Discussion & Analysis
Challenges of immigrant entrepreneurs
According to Waldinger et al. (1990), immigrant entrepreneurs face various challenges in adapting to the host culture and establishing their own businesses. The main problems that ethnic business owners commonly face include: protecting themselves from political attacks; dealing with surviving competition; managing relations with customers and suppliers; obtaining financial and human resources; acquiring needed information and appropriate training and skills. These social and economic handicaps coupled with the disadvantages drive many immigrant entrepreneurs into small businesses.
Indeed, immigrant entrepreneurship can pave the way to upward social mobility (Kloosterman, 2003). Nevertheless, business researchers have documented that the businesses many immigrants engage in are small businesses which are characterised by low entry cost, high levels of competition, limited profit margins, high rate of failure, and labour intensity (Fernandez & Kim, 1998; Phizacklea & Ram, 1995; Waldinger, 1989; Waldinger et al., 1990). The reasons for this situation can be best explained using opportunity structure theory.
Opportunity Structure and Risk-taking Theories
The opportunity structure theory states that ethnic entrepreneurs can only move into those niches that are underserved or abandoned by native entrepreneurs. These opportunities are mainly found in the industries where the risks of failure are high. They are characterised by low status, low rewards, heavy labour, high running costs, and limited profit margins (Waldinger, 1989; Kupferberg, 2003). Due to the evolution of the global economic system, the structure of opportunities is continually changing in modern business society. In addition, political factors might frequently hinder the working of business markets. Immigrant business owners have therefore found themselves facing various market conditions (Aldrich &Waldinger, 1990). Waldinger et al. (1990) point out that demand for services provided is essential for a business to prosper. The primary market for immigrant entrepreneurs can be the members of their own ethnic community in which there are no language barriers. Within the same community, people intimately know each other’s needs and preferences. In this sense, ethnic entrepreneurs can develop niche customer bases. Kloosterman (2003) sees this as the pull factor on the demand side that creates the opportunities for immigrants to set up a shop within their own ethnic community. Immigrant businesses then do this to meet new comers’needs and facilitate them in solving their special problems caused by the strains of settlement and assimilation. Some businesses provide cultural products, such as newspapers, books, magazines, food and clothes. Others offer special services, for instance, law firms and accountants (Waldinger et al., 1990). Ethnic entrepreneurs thus enjoy an advantage over potential competitors outside the community since they can tap into the buying preferences of consumers in these groups (Hammarstedt, 2001).

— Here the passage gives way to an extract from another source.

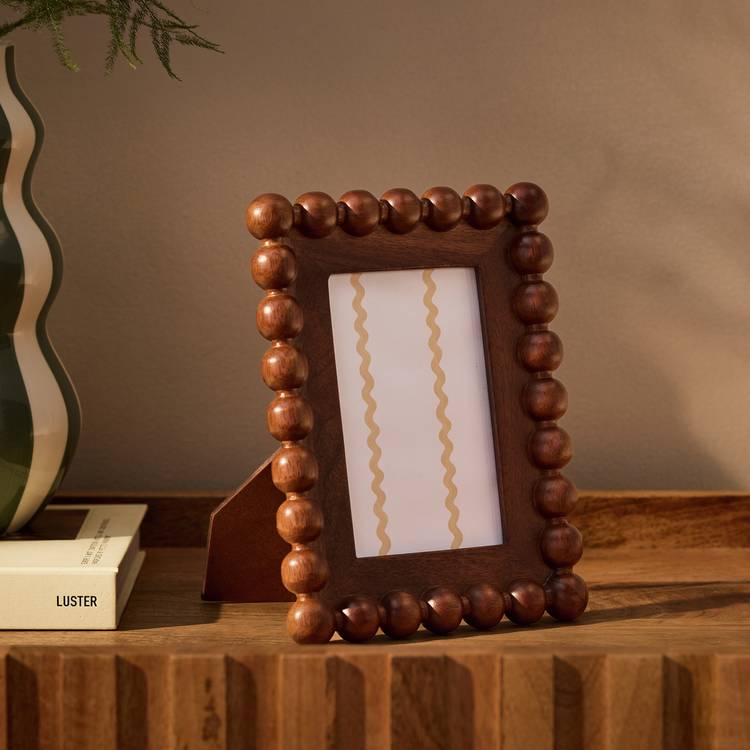 Habitat Brown Bobble Wooden Picture Frame - 4x6" 0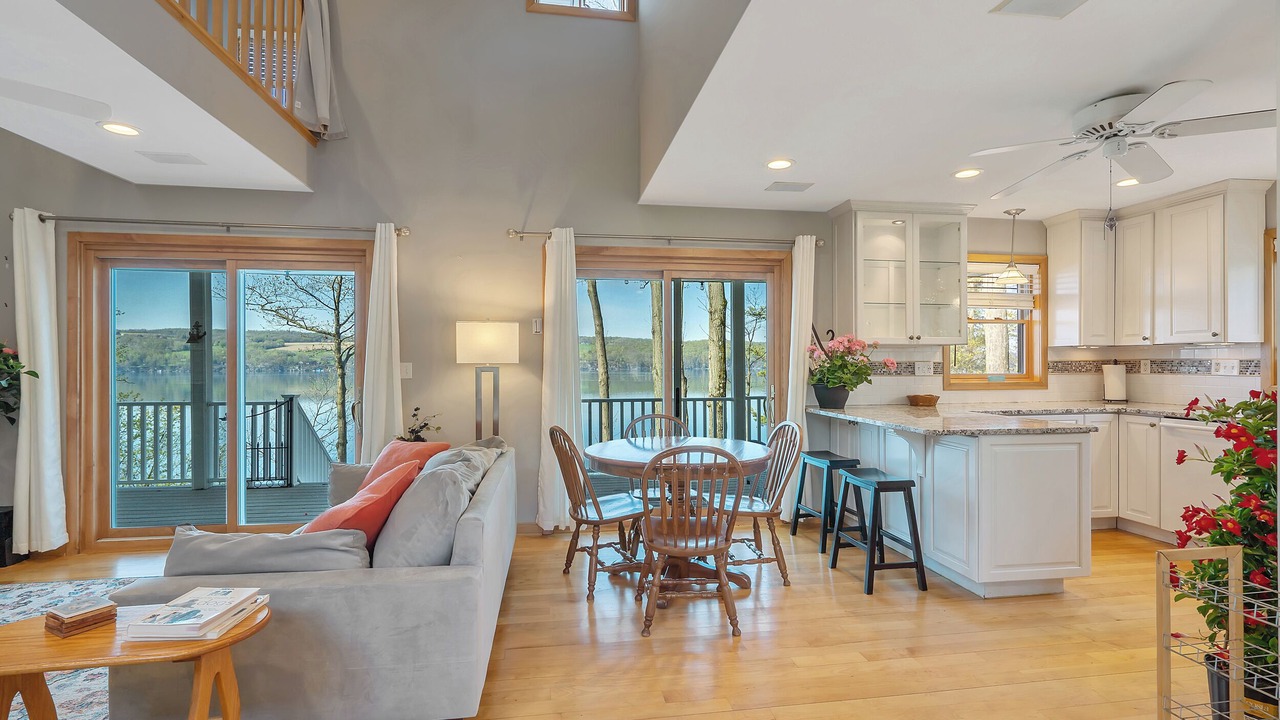 Photo of Livingroom in Skaneateles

Massey (2005) claims that enterprise is a risky business as only a proportion of the businesses will survive. Entrepreneurs have to take a number of risks such as financial, emotional and social. This is because they put themselves on the line and thus, their social identities can suffer as well. Barbosa, Kickul and Liao-Troth (2007) claim that risk has always been at the centre of the definition of entrepreneur. Risk perception has been conceived as a determinant of risk behaviour and entrepreneurial decision making.

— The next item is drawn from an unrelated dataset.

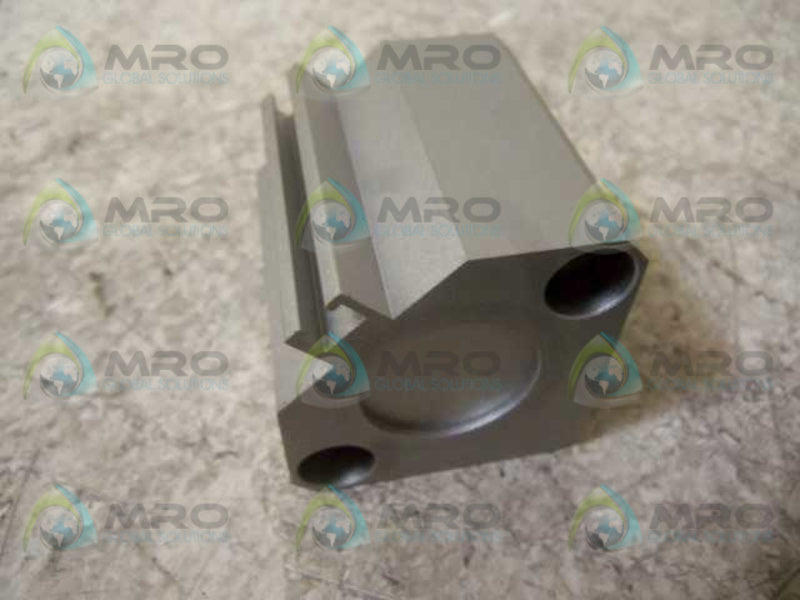 SMC CDQ2B20-10D COMPACT CYLINDER * NEW IN BAG *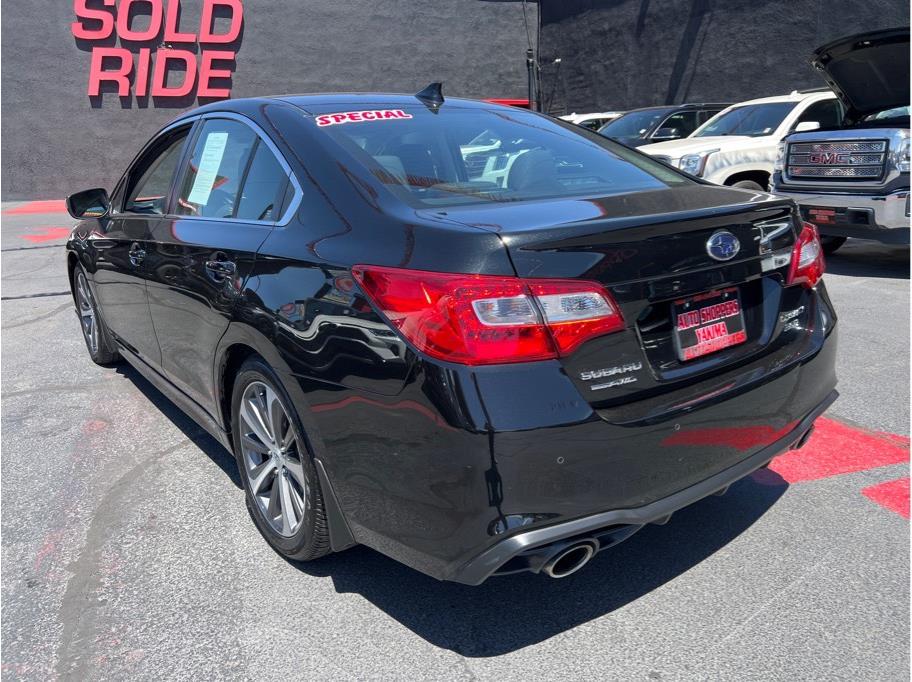 2019 Subaru Legacy Limited - Photo 5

One interprets the environment based on one’s perceptions which include analysis, judgment, and intuition. In this sense, whether a situation is deemed of moderate or high risk depends on the perceivers. Different people can draw different conclusions. As Stearns and Hills (1996) note, successful entrepreneurs are good risk managers but not wild-eyed risk takers. They are able to calculate risks and whether the potential rewards are appropriate. Das and Teng (1997) also suggest that a successful entrepreneur is a professional risk-taker because one of the most distinctive features of entrepreneurial behaviour is risk taking. Indeed, risk-taking behaviour has been associated with entrepreneurship and entrepreneurs have been described as self-employed individuals who adjust themselves to risk (Gilmore et al., 2004). Entrepreneurs introduce new products or processes and they adjust themselves to risk where the return is uncertain (Palich & Bagby, 1995). Starting a small business is seen to be a particularly risky undertaking (Gilmore, Carson & O’Donnell, 2004). The risk that entrepreneurs face can be both financial and psychological since new actions and activities may put their self-images at risk. Failure may lead to the loss of their capital and of their self-image. Therefore, Das & Teng (1997) assert that the entrepreneurs are inherently risk takers. They often underrate their chances of failure and they need to be aware of the risks involved and make appropriate financial decisions (Pinfold, 2005).

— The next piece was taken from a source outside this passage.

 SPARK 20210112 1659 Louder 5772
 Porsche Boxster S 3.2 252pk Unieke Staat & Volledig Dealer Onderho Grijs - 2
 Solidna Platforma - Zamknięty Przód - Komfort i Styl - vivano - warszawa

Similarly, immigrants are also risk takers by nature because the process of leaving one’s home to take up life in a new new country means accepting great changes (Waldinger et al., 1990). As Delores (1997) contends, immigrants face a number of emotional and cognitive adjustments to the reality of life in the host society. They experience the stresses of adapting to a new country and being upset by the loss of their own culture. Therefore, Waldinger et al. (1990) claim that people who enter the immigration stream tend to be able, better prepared and more inclined toward risk. There is no doubt that immigrant entrepreneurs must be prepared to take risks. According to Kupferberg (2003), the risk-taking theory emphasises that immigrants are prepared to take on a low status business when they perceive that there is a future in that business. These immigrant entrepreneurs will have strong motives to prove themselves and thus they tend to enter the business differently from a member of the native community. Aldrich and Waldinger (1990) claim that in almost all markets, small businesses continue to attract immigrants and many newcomers have set up small business enterprises. There are two possible explanations for this situation. One could be the low status and low rewards in running such businesses. The other might be that small businesses have a high rate of failure. These two factors may reduce the pool of native-born entrepreneurs. Immigrant entrepreneurs therefore can step in as vacancies arise (Waldinger, 1989). Since the structure and allocation of opportunities open to potential ethnic owners have high rates of failure and low status, immigrant entrepreneurs must have the ability to take risks in order to survive. In addition, they are able to quickly respond to the results that the business produces. Immigrant entrepreneurs will abandon those businesses that have limited prospects and stick to those businesses that bring good profits, regardless of whether the businesses might be risky. Based on this theory, immigrant entrepreneurs are seen to have great sensitivity to the market and this market-adapted behaviour enables them to seize any opportunities and attempt all types of businesses.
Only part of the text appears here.